:: Task requirements ::
In your copy, reproduce each entry exactly and leave out the pictures.

Short web captions

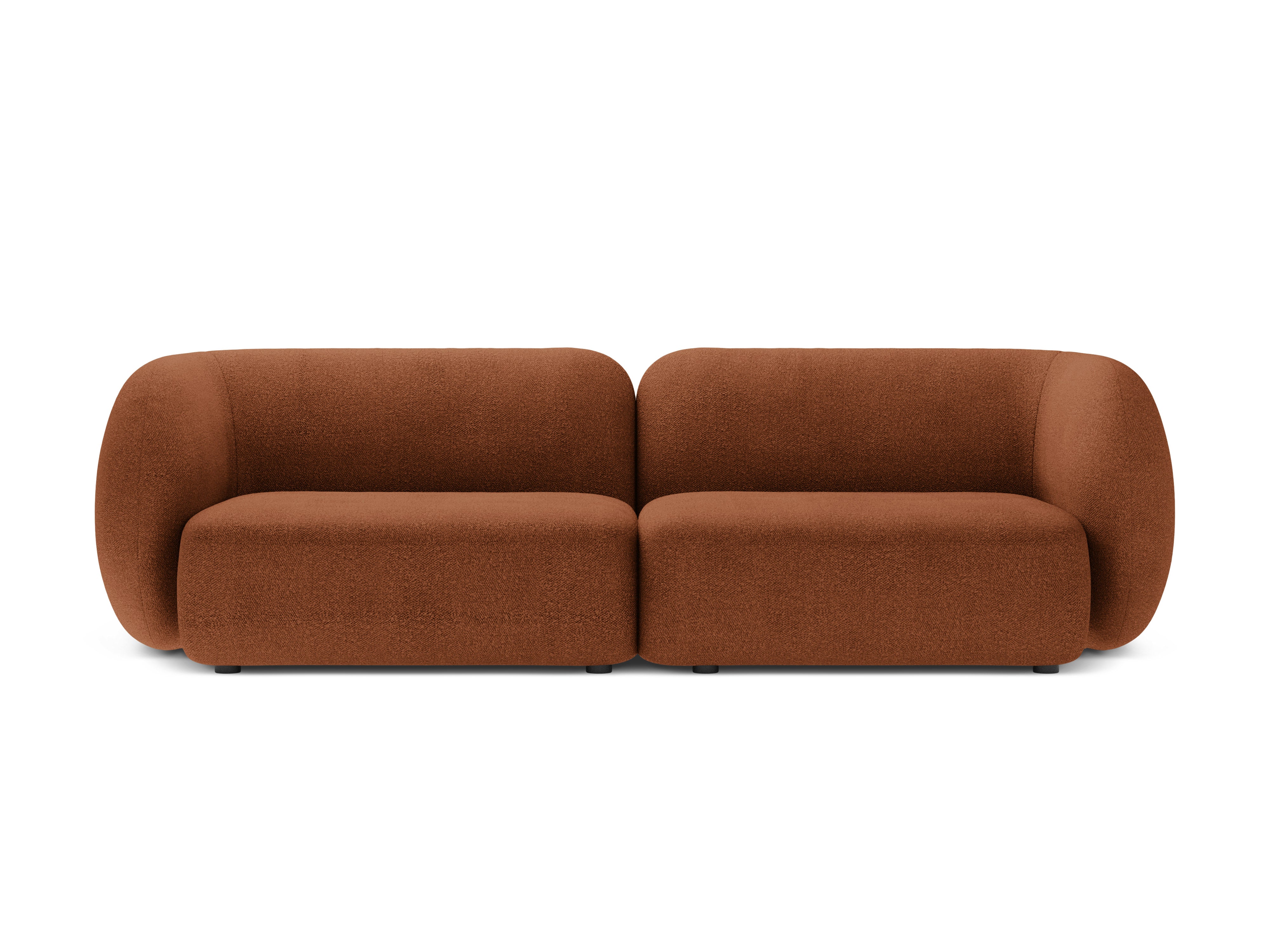 Sofa für 4 Personen KATE terracotta Boucle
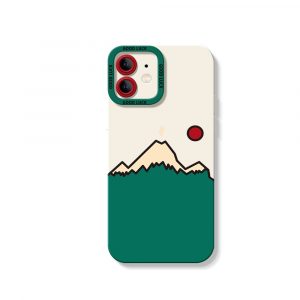 Mountain Sunrise Charm Silicone Case for Apple iPhone Series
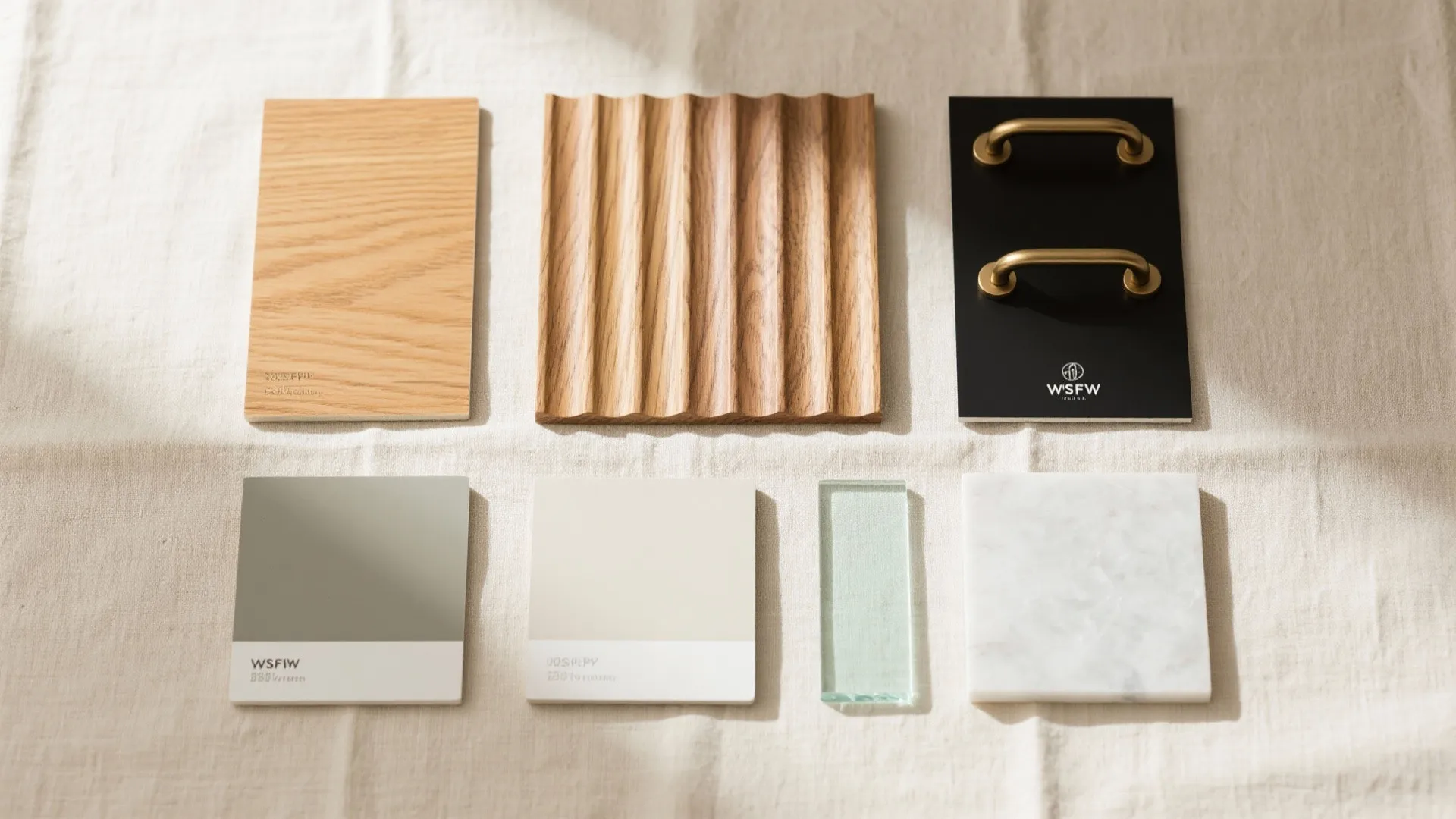 Warmth from layered wood accents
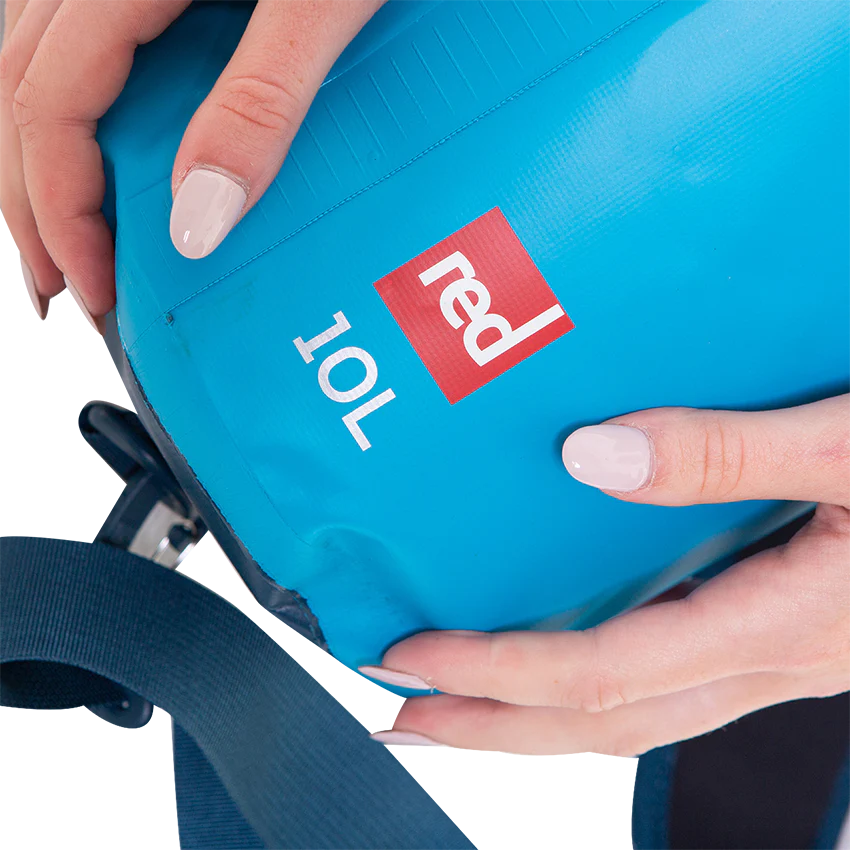 Red Waterproof Roll Top 10 Litre Dry Bag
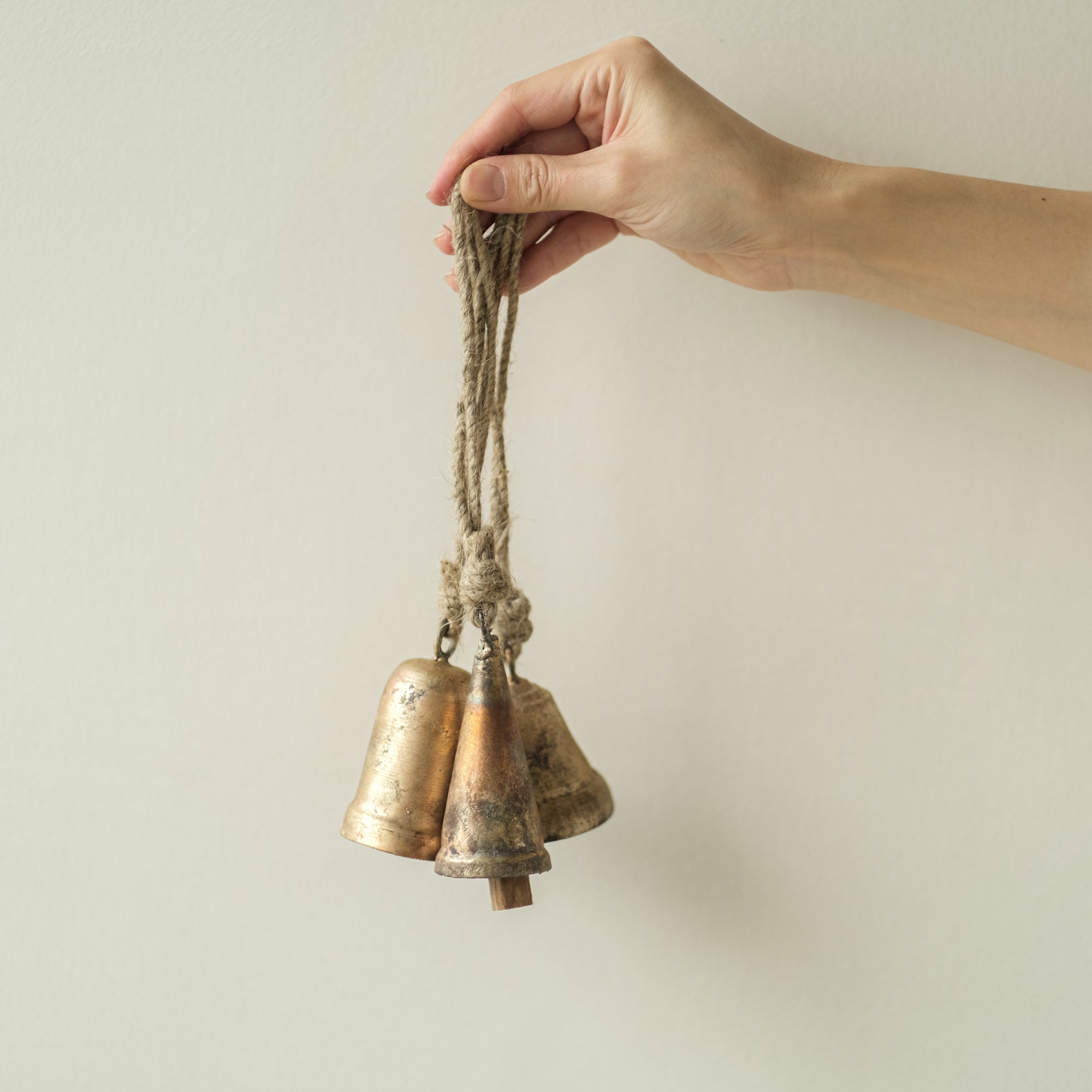 Handmade Rustic Iron Bells Set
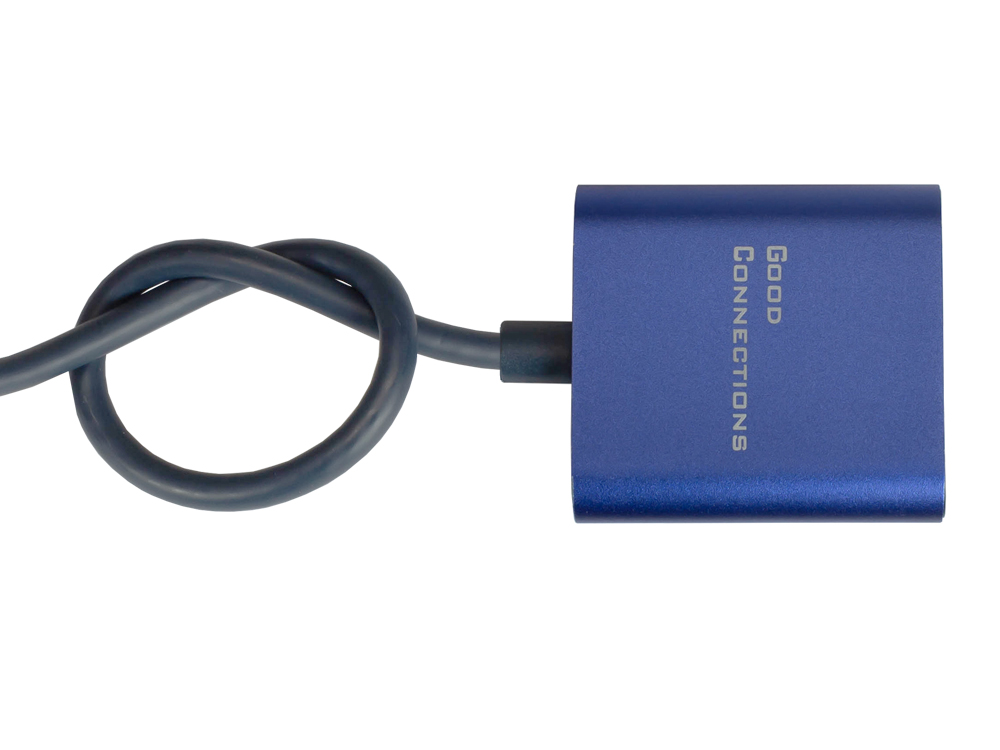 Adapter Mini DisplayPort 1.4 male to HDMI 2.0 female, 4K UHD @60Hz, aluminium housing, approx. 20cm, Good Connections®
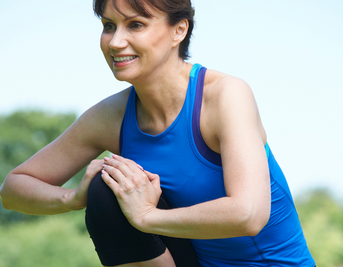 Woman Stretching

:: Exercise result ::
 Sofa für 4 Personen KATE terracotta Boucle
 Mountain Sunrise Charm Silicone Case for Apple iPhone Series
 Warmth from layered wood accents
 Red Waterproof Roll Top 10 Litre Dry Bag
 Handmade Rustic Iron Bells Set
 Adapter Mini DisplayPort 1.4 male to HDMI 2.0 female, 4K UHD @60Hz, aluminium housing, approx. 20cm, Good Connections®
 Woman Stretching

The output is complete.